As for Mr. Delaney's technique: I found it a little hard to replicate some of his movements as he is almost a foot taller than me. However, with some coaching I was able to get close enough that I could adapt it to my body type while still preforming the technique. the other thing I notice is that he is so relaxed. He mentioned in passing that he had started in the internal chinese styles and his MA was very similar to that. There was no force and all of a sudden he has you locked up.

It was a great seminar and it has increased my MA ability quite a bit today. I am glad I went.

Tony


----------



## Brian Johns (Oct 3, 2004)

Thanks for the condensed review and I'll be looking forward to your full review on this seminar. Sounds like you had a good time there.

Take care,
Brian


----------



## Guro Harold (Oct 3, 2004)

Glad you had a great time.

Hint: has anyone ran archive.org lately?


----------



## Datu Tim Hartman (Oct 4, 2004)

Palusut said:
			
		

> Hint: has anyone ran archive.org lately?



Why do you ask? :idunno:


----------



## Guro Harold (Oct 4, 2004)

Datu Puti said:
			
		

> Why do you ask? :idunno:


Do you recall when Kaith did so on their website some time ago?
If you do it again, you will find that several schools have been removed.


----------



## Guro Harold (Jan 12, 2005)

Is Ed Cordova still hosting Jeff? It doesn't appear to be so on Jeff's website.


----------



## dearnis.com (Jan 13, 2005)

Page shows about 22 schools; Ed's is not among them.  (Nor are several others from the SW that had been there).  Of course the school page also nites its last update in 07 of 03.
The membership has largely turned over since I left Jeff's organization, or at least it appears so.
As to the seminar contents, Jeff has a very extensive T'ai Chi background and it comes out a lot in his stick work.  I always enjoyed that flavor to it, but Jeff's body type, and the set of basics he draws on, can make his techniques difficult for some folks with a more conventional (ie hard style) background to follow.
Just some early morning pre-work thoughts....


----------



## Guro Harold (Jan 13, 2005)

dearnis.com said:
			
		

> Page shows about 22 schools; Ed's is not among them.  (Nor are several others from the SW that had been there).  Of course the school page also nites its last update in 07 of 03.
> The membership has largely turned over since I left Jeff's organization, or at least it appears so.

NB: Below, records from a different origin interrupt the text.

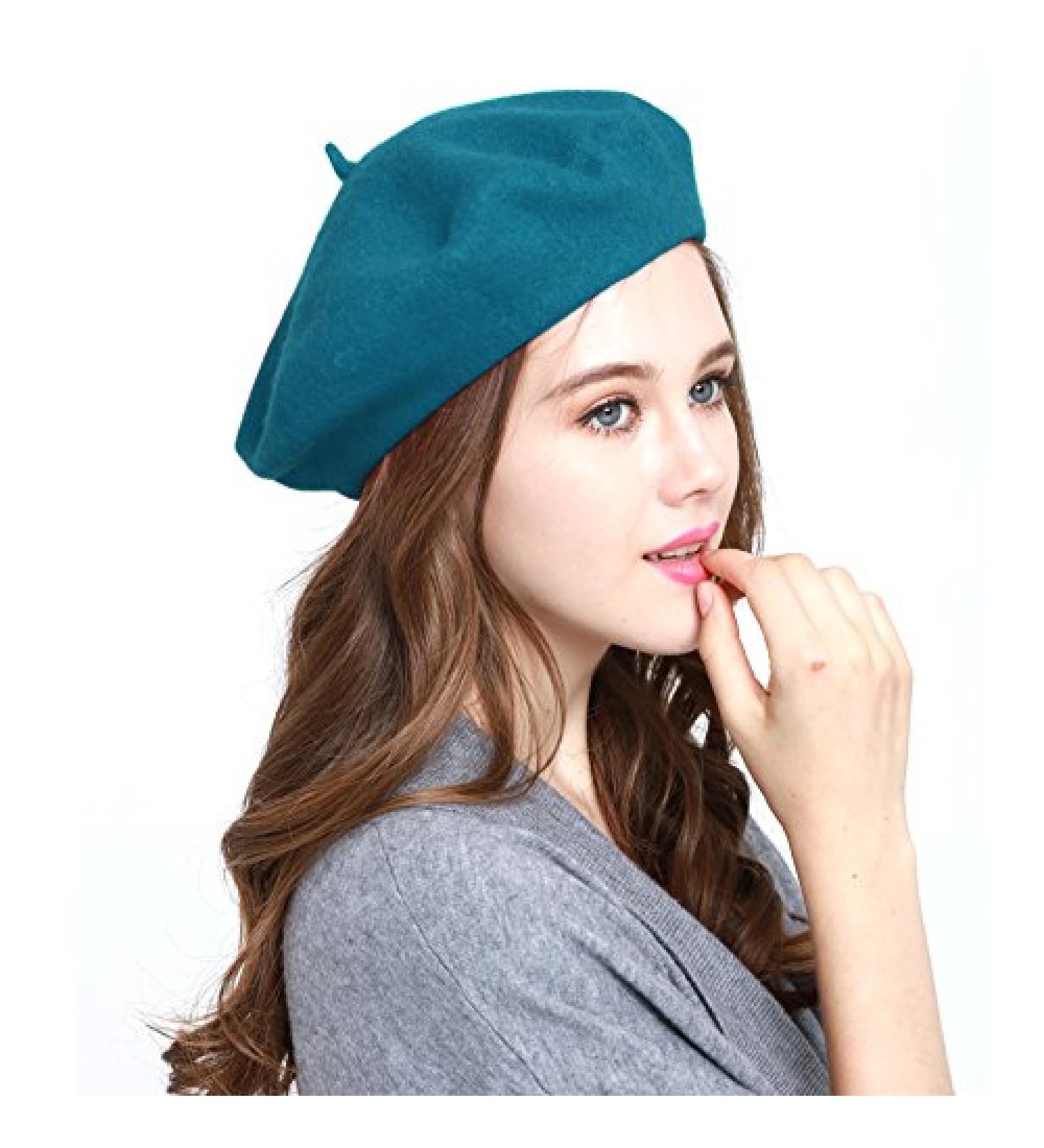 Winter 100% Wool French Art Basque Beret Tam Beanie Hat Cap in Turquoise - Buy Online on GoSupps.com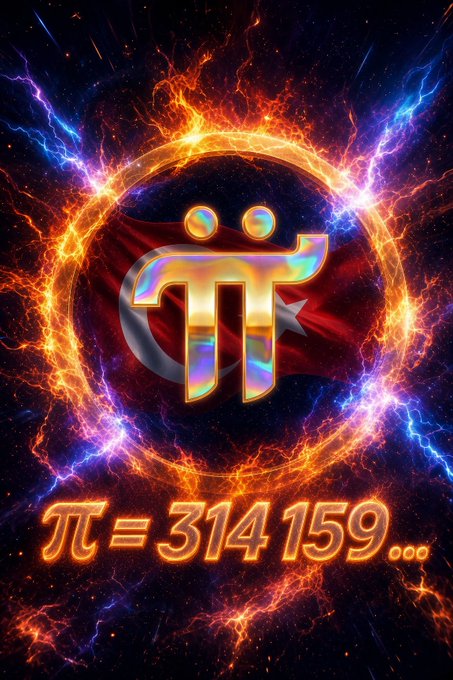 A vibrant digital artwork featuring a Pi Network (π) cryptocurrency logo in holographic gold, surrounded by fiery orange and electric blue energy rings, with the mathematical text 'π = 3.14 159...' displayed below.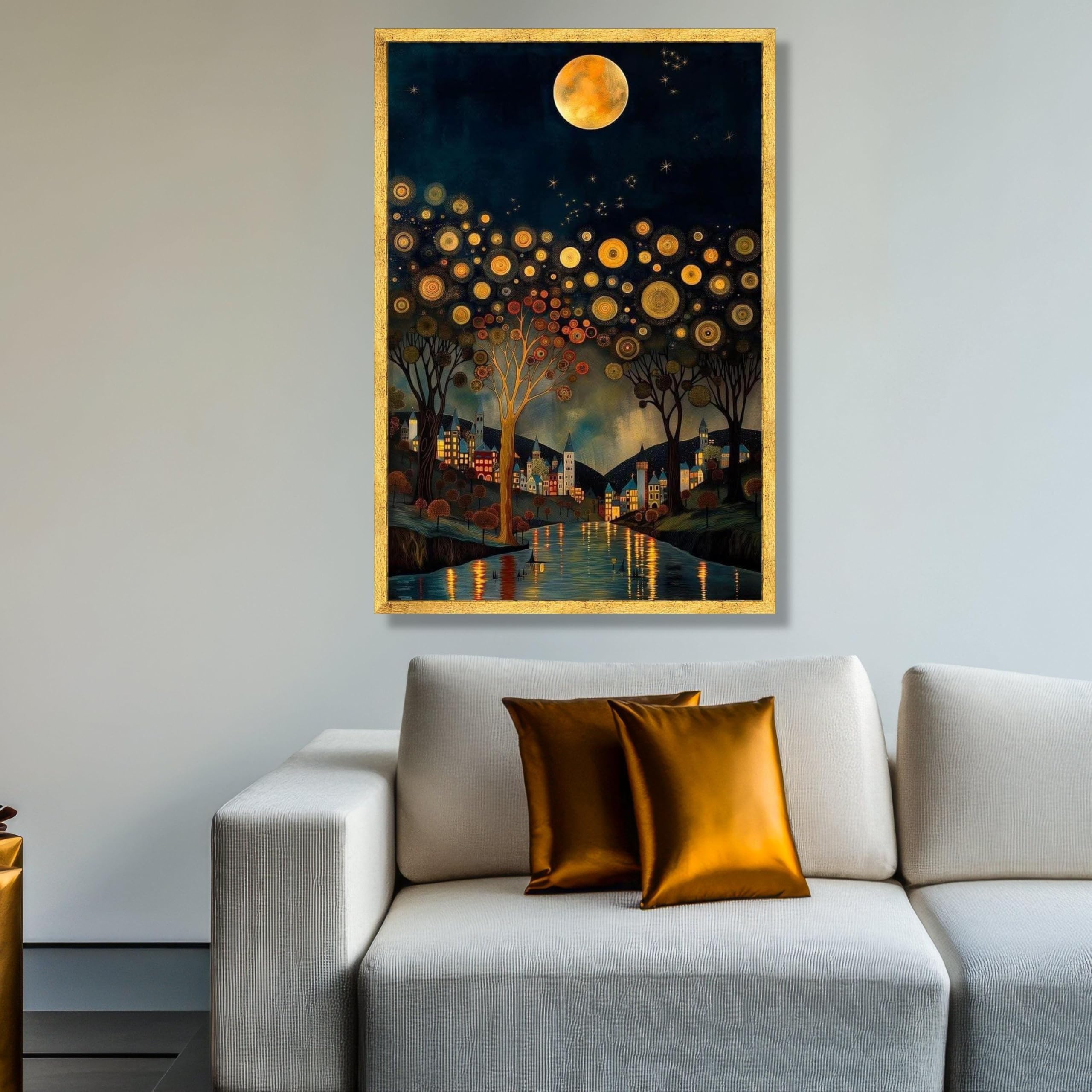 XINBAO Nocne niebo w stylu vintage, oświecony księżyc scena wioska artystyczna sylwetka drzewa odbicie rzeki obrazy dekoracyjne na ścianę (80 x 110 cm / wewnętrzna rama)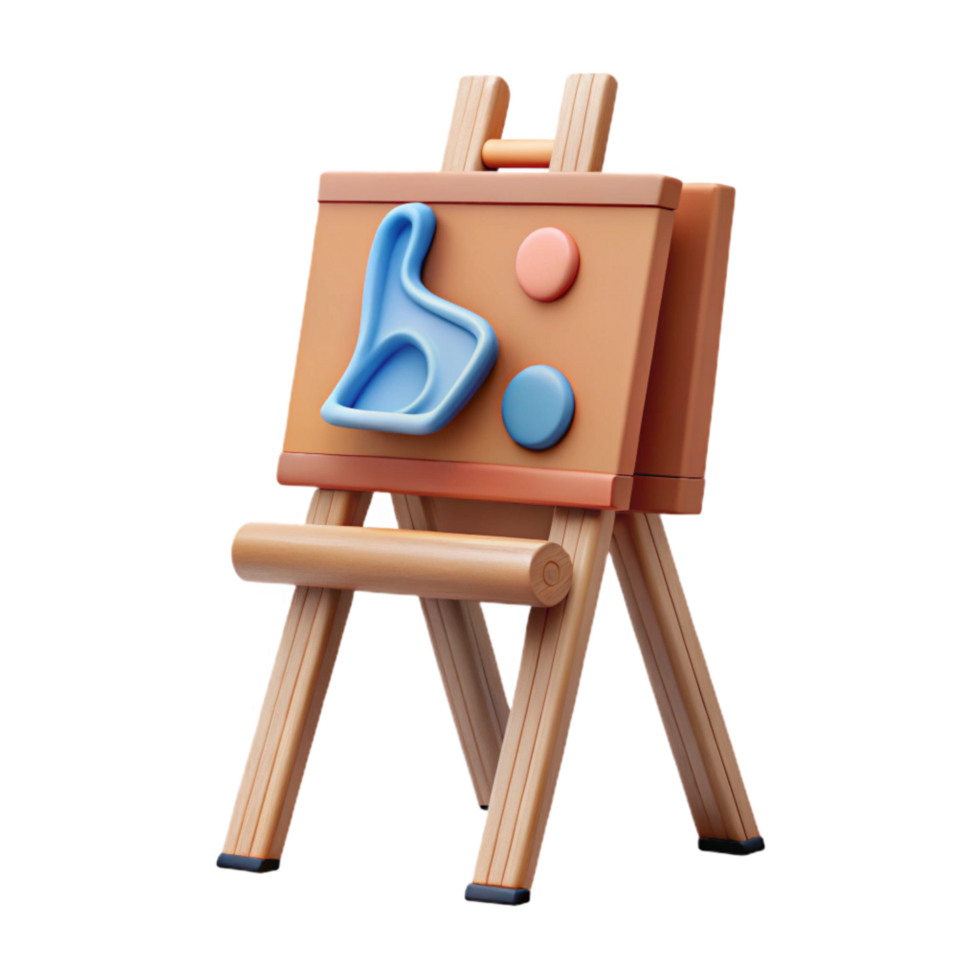 dramatic minimalist Art Easel with Canvas Cutout detailed png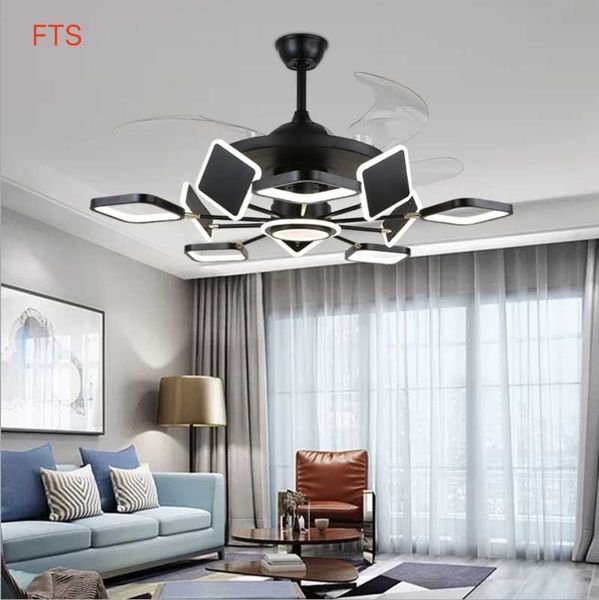 

electric fans living room modern invisible fan light nordic minimalist led inverter study chandelier personality bedroom lamp
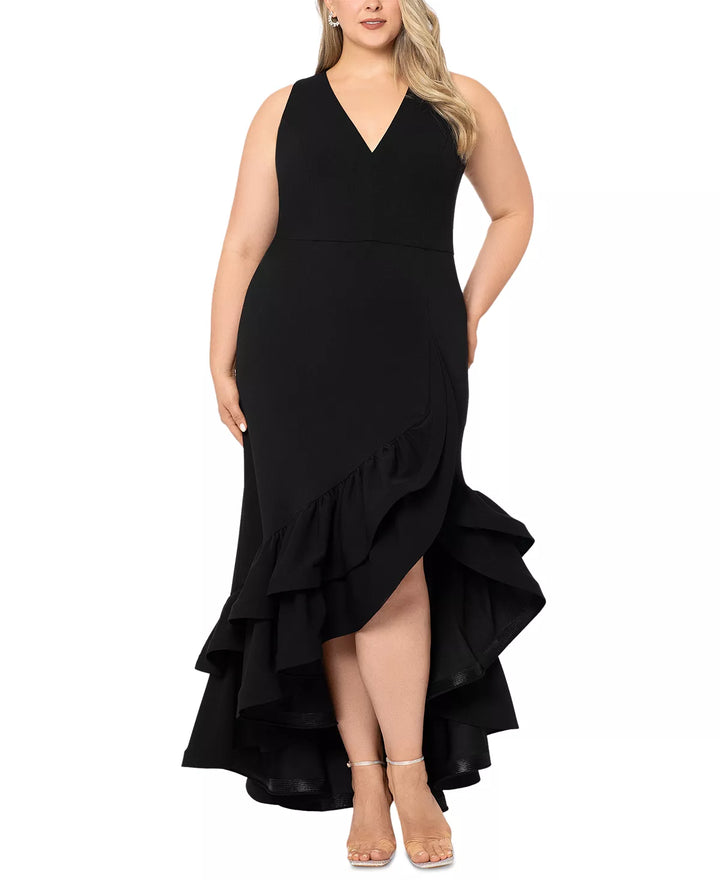 Betsy & Adam Plus Size Asymmetric Ruffled Gown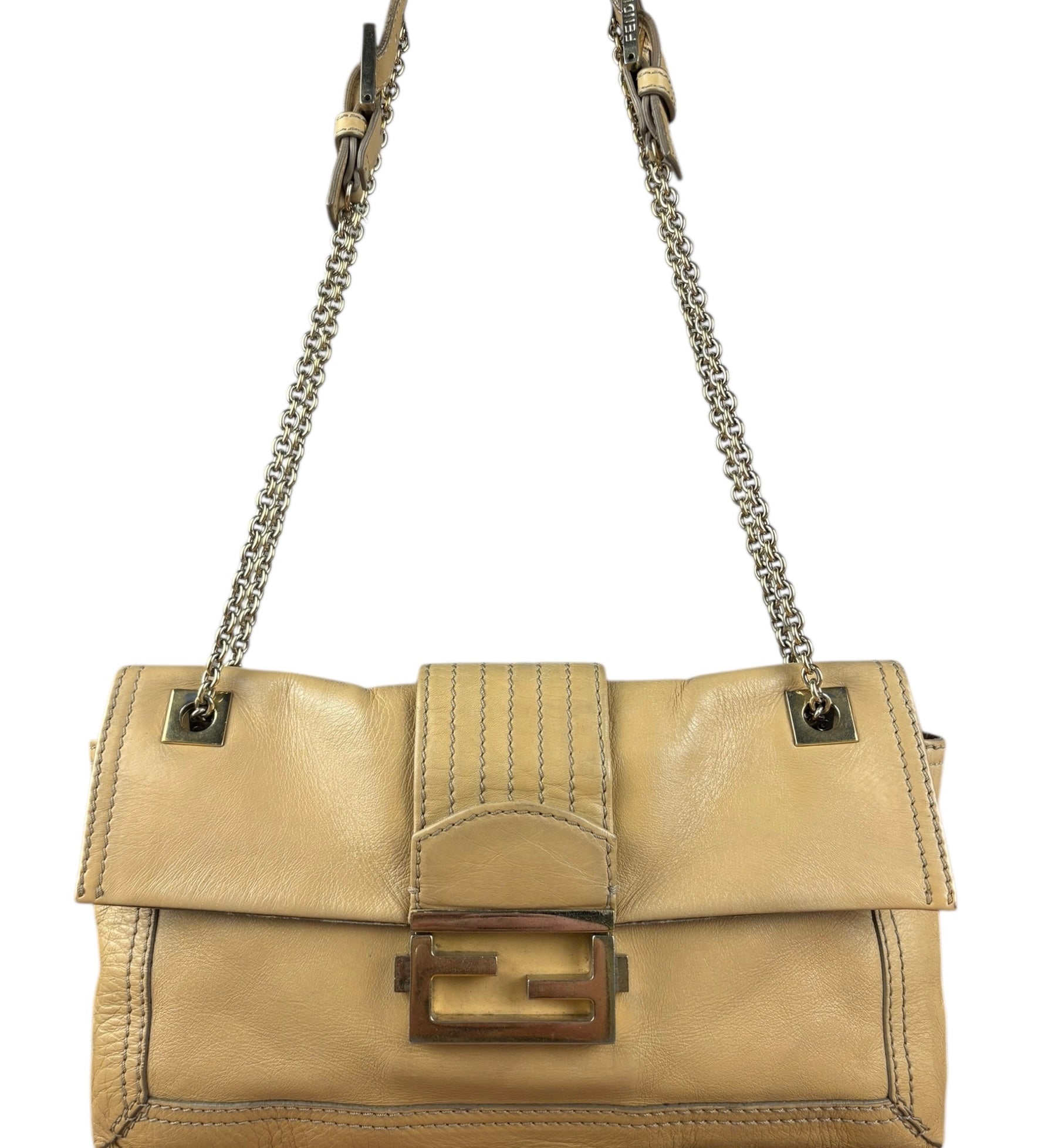 Fendi Baguette Leather Chain Bag Beige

It would appear so from archive.org as well.


----------



## GAB (Jan 13, 2005)

dearnis.com said:
			
		

> Page shows about 22 schools; Ed's is not among them. (Nor are several others from the SW that had been there). Of course the school page also nites its last update in 07 of 03.
> The membership has largely turned over since I left Jeff's organization, or at least it appears so.
> As to the seminar contents, Jeff has a very extensive T'ai Chi background and it comes out a lot in his stick work. I always enjoyed that flavor to it, but Jeff's body type, and the set of basics he draws on, can make his techniques difficult for some folks with a more conventional (ie hard style) background to follow.
> Just some early morning pre-work thoughts....


Hi,
Could you be a little more to the point on body type???

Are we talking lean and mean or overweight and struggling?

Who is who and what is what???

Regards, Gary


----------



## dearnis.com (Jan 13, 2005)

To answer the question (briefly) Jeff is quite tall and lanky; long torso and long limbs.  (Actually the same body type as my T'ai Chi instructor from many years ago, probably why I see so much of that art in Jeff's motion.

My intent in the above post was to respond to palasut's comment about the web page and to add some of my thoughts to Tony's observations (concurring with what he observed).

I do not intend to get into bashing JD; we had a few threads doing so a few years back and it is not really productive.


----------



## Guro Harold (Jan 13, 2005)

dearnis.com said:
			
		

> I do not intend to get into bashing JD


Same here.


----------